Mentorship programme: Developing sustainable software for the Swarm mission

Posted by j.laird on 15 August 2022 - 5:52pm

Magnetic waves across Earth’s outer core.
Image by Université Grenoble Alpes.

By Ashley Smith.

This blog post reflects on our Learning to Code mentorship programme as part of a Research Software Camp.

As the SSI has identified before, there is a gap in training of intermediate software engineering skills across academia. This gap has become more prominent and problematic as the need for research software engineers (RSEs) has grown in recent years with the increasing reliance of research on software.

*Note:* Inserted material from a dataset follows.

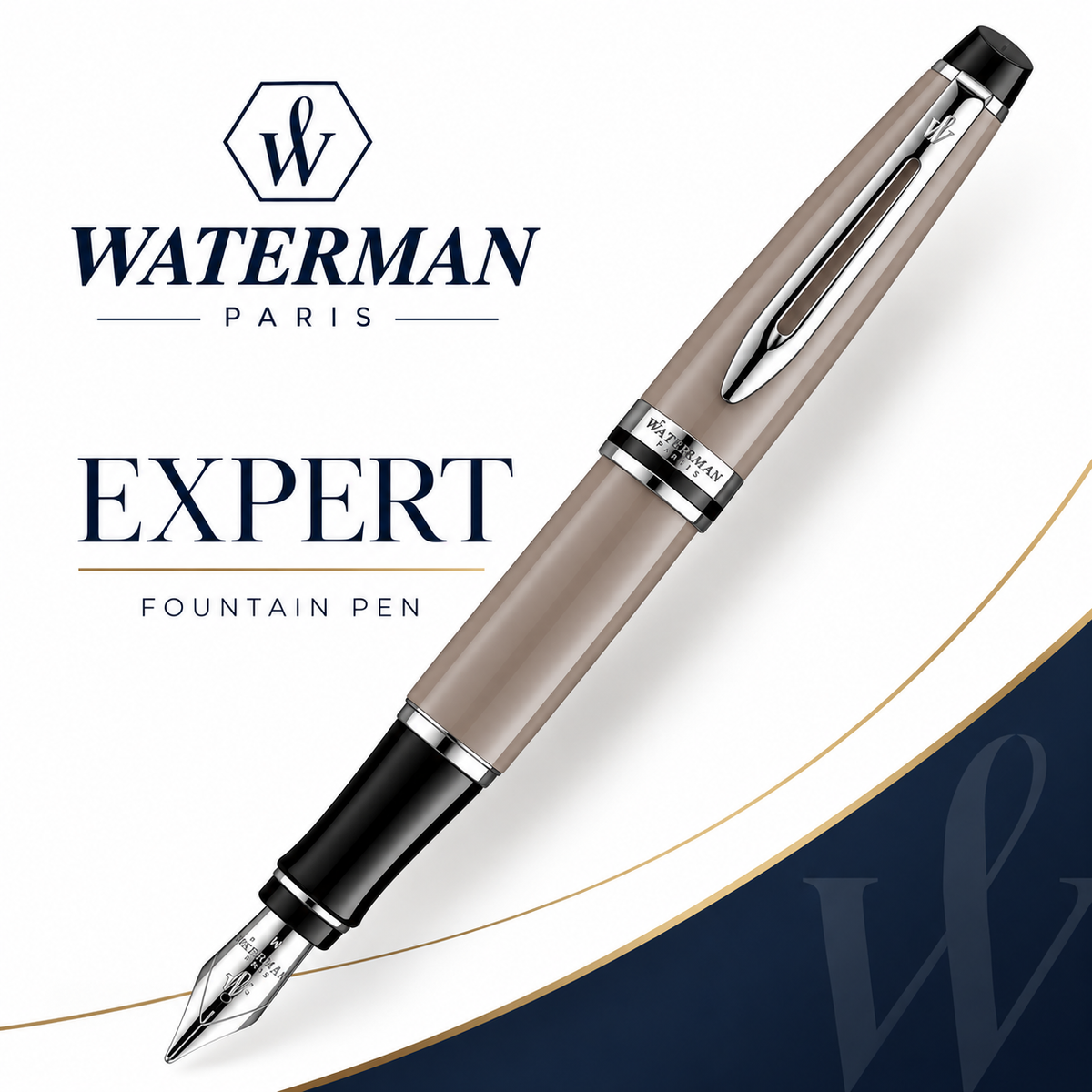 Waterman Expert Taupe CT Fountain Pen – Premium Writing Instrument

I have experienced the training gap directly as I've moved through my PhD and onto my current position as a post-doctoral researcher, and have got to the point where I'm quite aware of what experience I need to acquire but find few workshops or similar that could address these well (without devoting very large amounts of time to full training courses). Particularly as an RSE, there are many small bits of knowledge that one can only get through long experience or tailored guidance from someone who already has that experience. So when I found out about the SSI’s Learning to Code mentorship program, it seemed like a perfect match for my situation.

Swarm spacecraft mission

I am a member of the European Space Agency Swarm Data, Innovation, and Science Cluster (ESA Swarm DISC), tasked with building innovation around data usage and processing of the Swarm spacecraft mission. Briefly, Swarm is a multi-spacecraft constellation in Low Earth Orbit which monitors and maps the magnetic field and plasma environment around Earth, contributing to research and services all the way from studying flows of liquid iron in Earth's core to modelling space weather effects in the ionosphere driven by events occurring on the surface of the Sun.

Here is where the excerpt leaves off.